Damian Thong, senior technology analyst with Macquarie in Tokyo, said the decision reflects how Japan wants to keep the technology, but concessions would be needed from Western Digital.
A fight in court would be detrimental long term, because delays would give an edge to rivals, he added. Samsung Electronics is No. 1 in the field.
"The whole point of this is to help Japan retain control of the semiconductor operations and business of Toshiba," Thong said. "This is Japan trying to protect its position and relevance in global chip-making."
Earlier, others had expressed interest, including Hon Hai of Taiwan, also known as Foxconn, a major supplier to Apple, which has acquired Japanese electronics company Sharp Corp. Broadcom, Western Digital's rival, had also been reported as a candidate.
Toshiba wants to reach an agreement with the consortium and clear legal and other procedures before its June 28 general shareholders' meeting.
The Innovation Network Corp. of Japan is made up of 26 big-name Japanese corporate investors, including Sony Corp., Canon Inc., Toyota Motor Corp. and Sumitomo Mitsui Banking Corp. Bain Capital Private Equity, based in Boston, is one of the world's leading investment firms. The Development Bank of Japan is backed by the government of Japan.
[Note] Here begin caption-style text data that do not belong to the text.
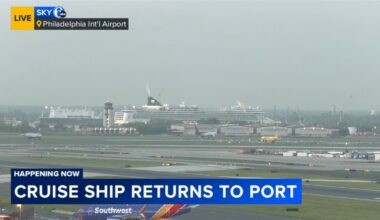 Philadelphia's first cruise ship in 20 years returns to port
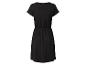 Kort zwart zomerjurkje met ronde hals.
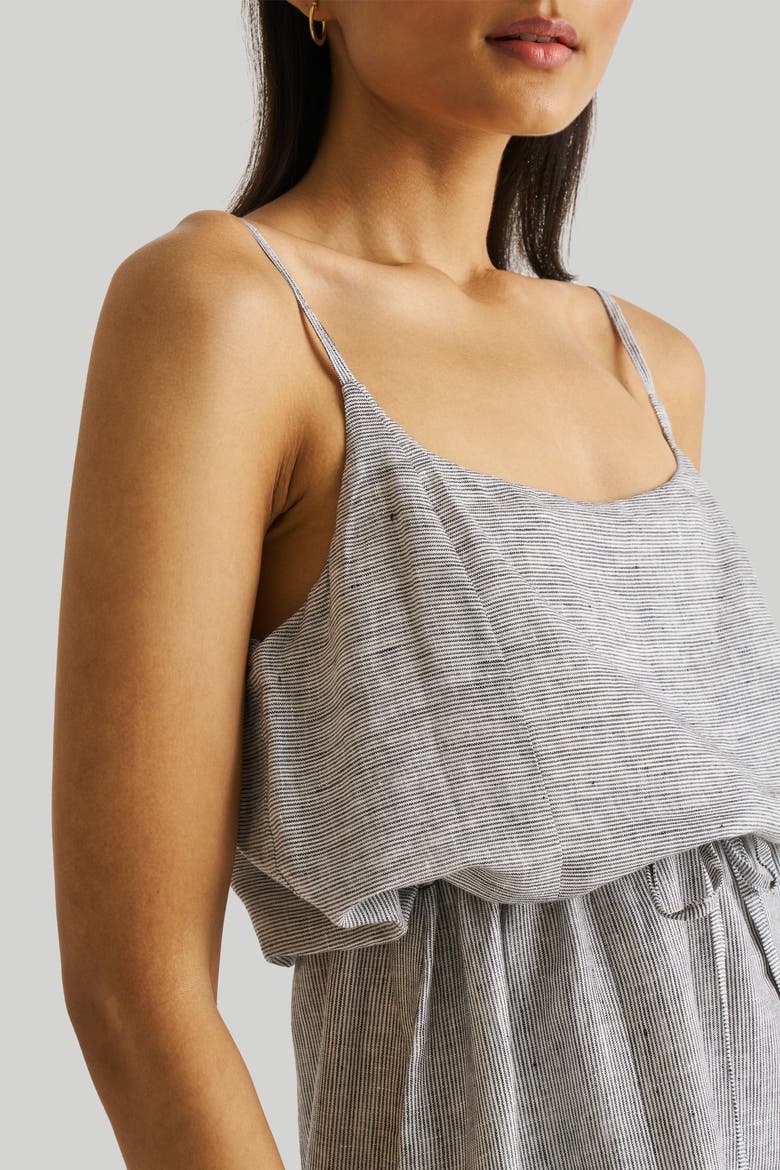 Strappy Maxi Dress, Alternate, color, Pin-striped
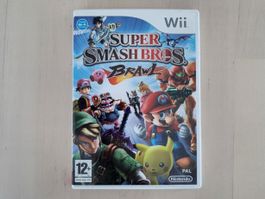 Nintendo Wii Mario Super Smash Bros Brawl retro gaming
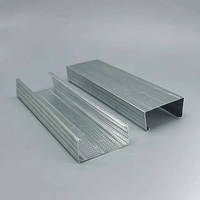 Profilé en acier CD60 UD27, profil CW, canal de plafond suspendu, profilé en acier léger pour bâtiment commercial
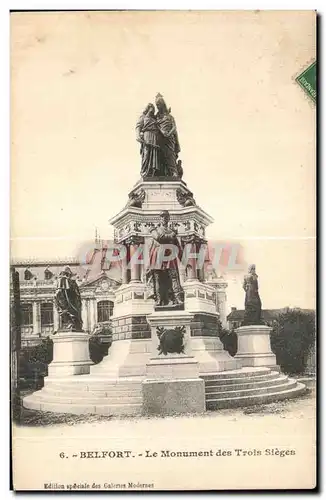 Cartes postales Belfort Le Monument des Trois Sieges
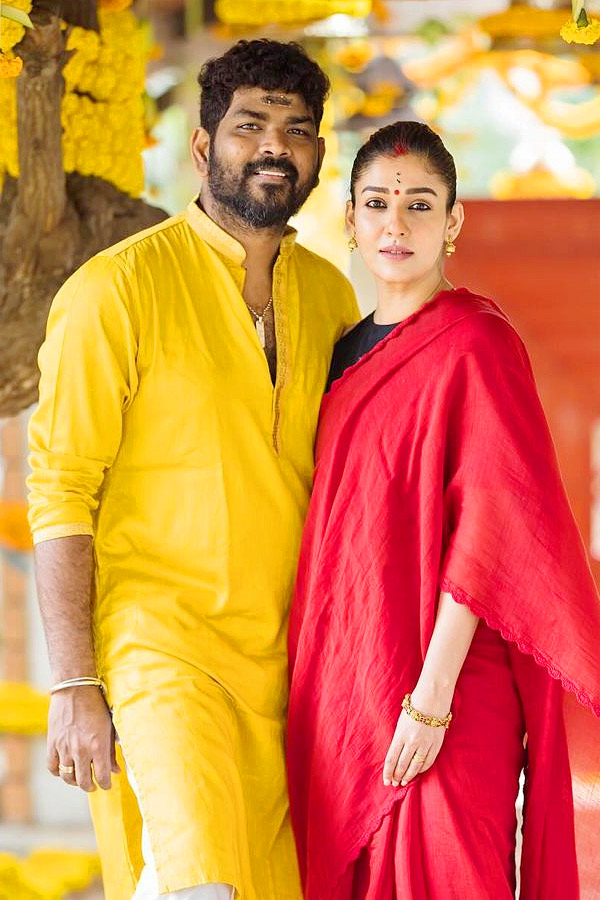 Nayanthara special pooja with husband Vignesh Photos - Sakshi4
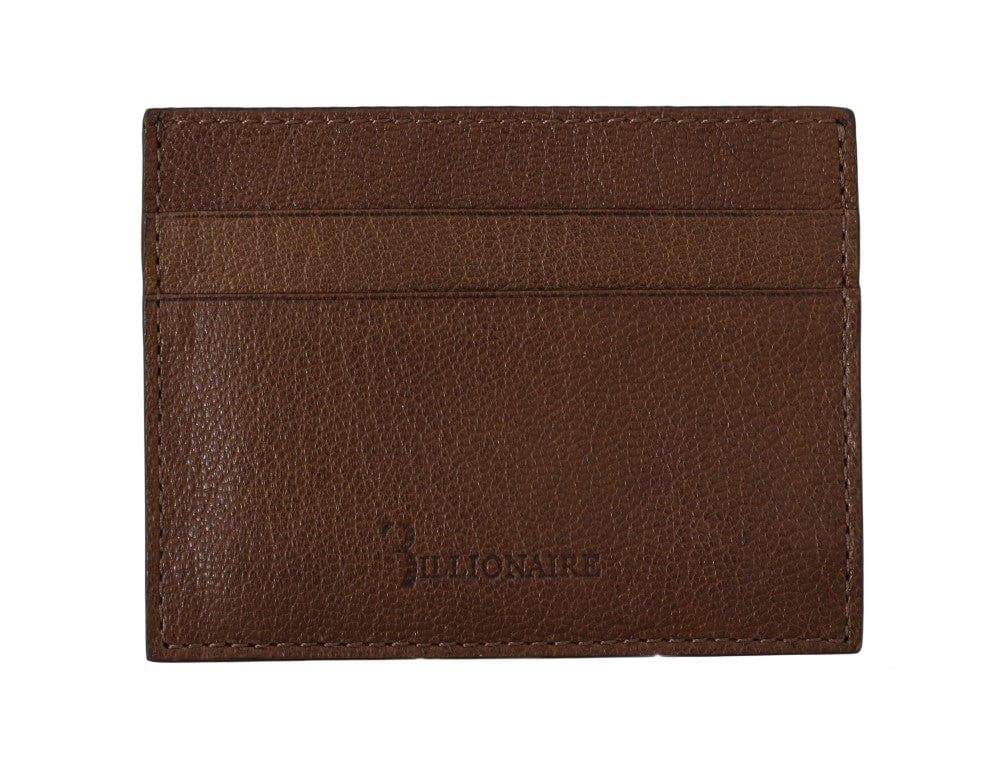 Billionaire Italian Couture Wallets Billionaire Italian Couture Elegant Leather Men's Wallet in Brown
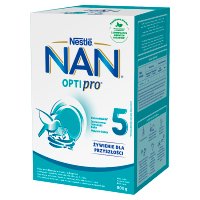 Mleko Nan Optipro 5 Junior, prosz.,800g (2x400g)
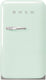 Smeg - 50's Retro Style Pastel Green Compact Refrigerator - FAB5URPG3 (Special Order)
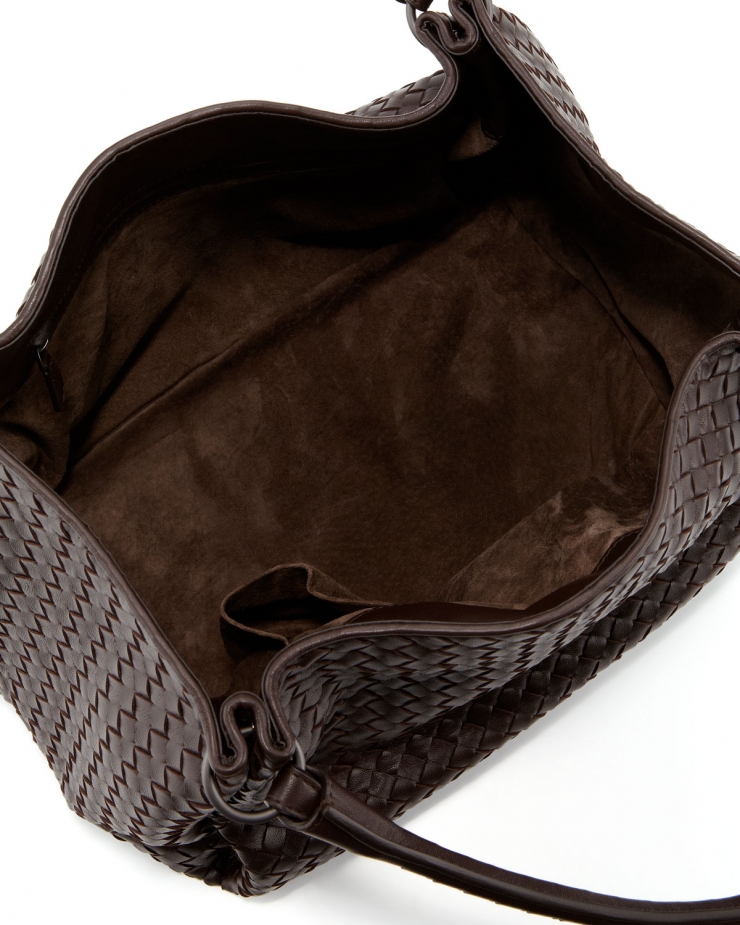 宝缇嘉 bottega veneta 女式单肩包 dark brown q00112450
Toshiba's earnings reports have failed to get endorsements from its auditors, given the company's precarious finances over the U.S. projects. The reports are being given as projections, not results—a 950 billion yen ($8.6 billion) loss for the fiscal year ended March.
Reactors that Westinghouse is building in the U.S. are still unfinished, partly because of beefed-up safety regulations following the 2011 Fukushima nuclear disaster.
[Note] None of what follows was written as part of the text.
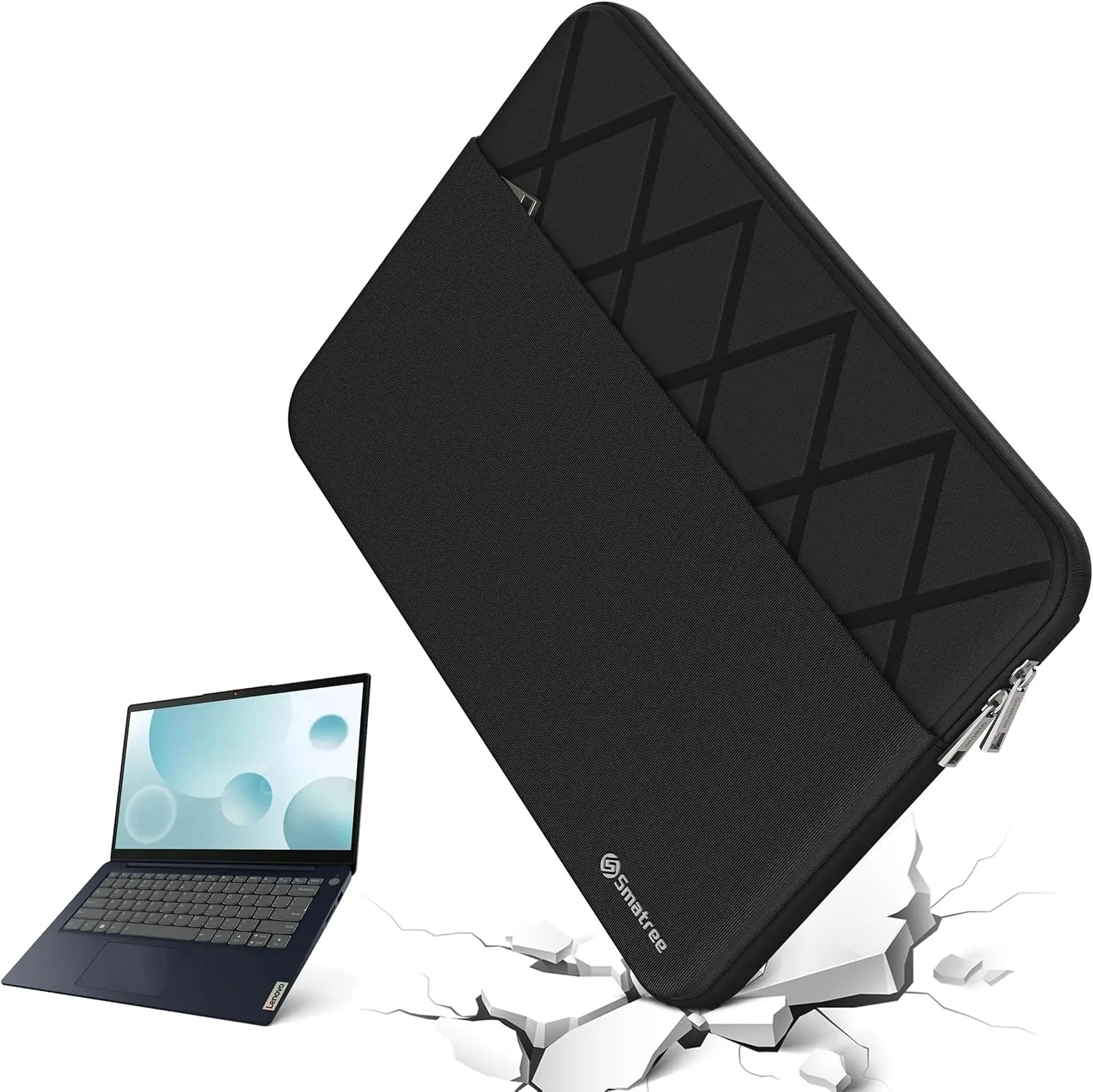 Lenovo Slim Laptop Sleeve 14 Inch Notebook/Tablet - Compatible with Lenovo V14 Gen 2/Slim 9i, Anti-Shock Waterproof Cover
Lenovo Slim Laptop Sleeve 14 Inch Notebook/Tablet - Compatible with Lenovo V14 Gen 2/Slim 9i, Anti-Shock Waterproof Cover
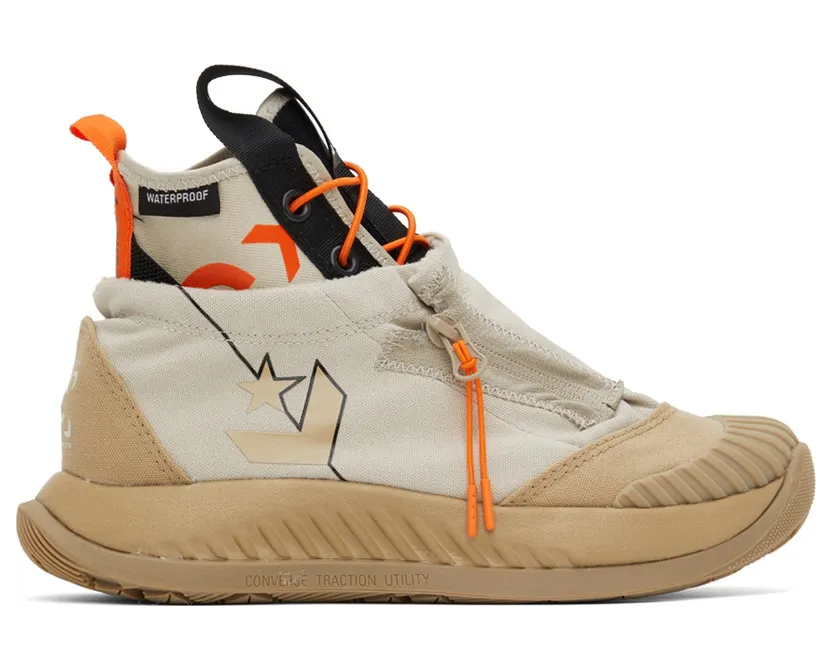 Converse Gray Utility Hi Explore Sneakers (172126C)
Toshiba shares closed down 2 percent on Wednesday. The stock has tanked in recent months, and speculation has been growing about its delisting.
In 2015, Toshiba acknowledged that it had been systematically falsifying its books since 2008, as managers tried to meet overly ambitious targets. An outside investigation found profits had been inflated and expenses hidden across the board.
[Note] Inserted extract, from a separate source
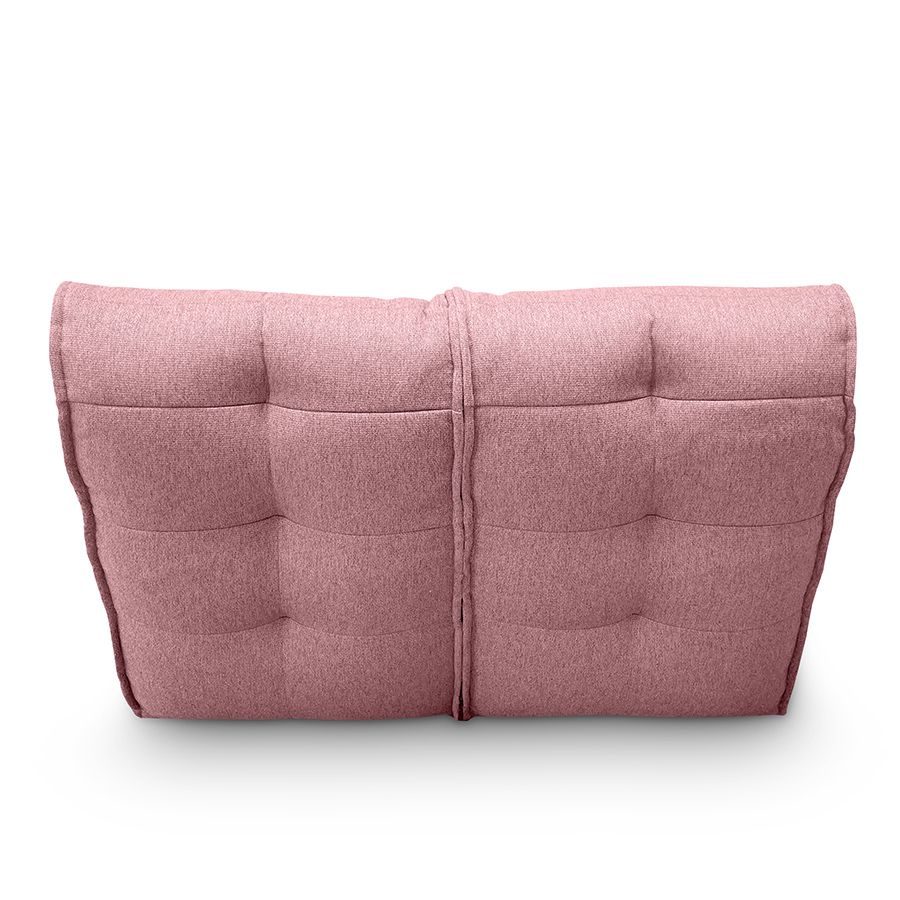 розовое двойной модульный диван Twin Couch жаккардовое для гостиной и переговорной — вид сбоку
Some experts say Toshiba still needs to deal with accountability and governance issues.
"Toshiba appears plagued by a legacy of opaqueness. Without a complete overhaul of its organization, Toshiba will have a very difficult road to recovery of its reputation and trust, essential ingredients to its existence," said Shuri Fukunaga, chief executive of Burson-Marsteller Japan, a communications consultancy firm that helps companies in crises.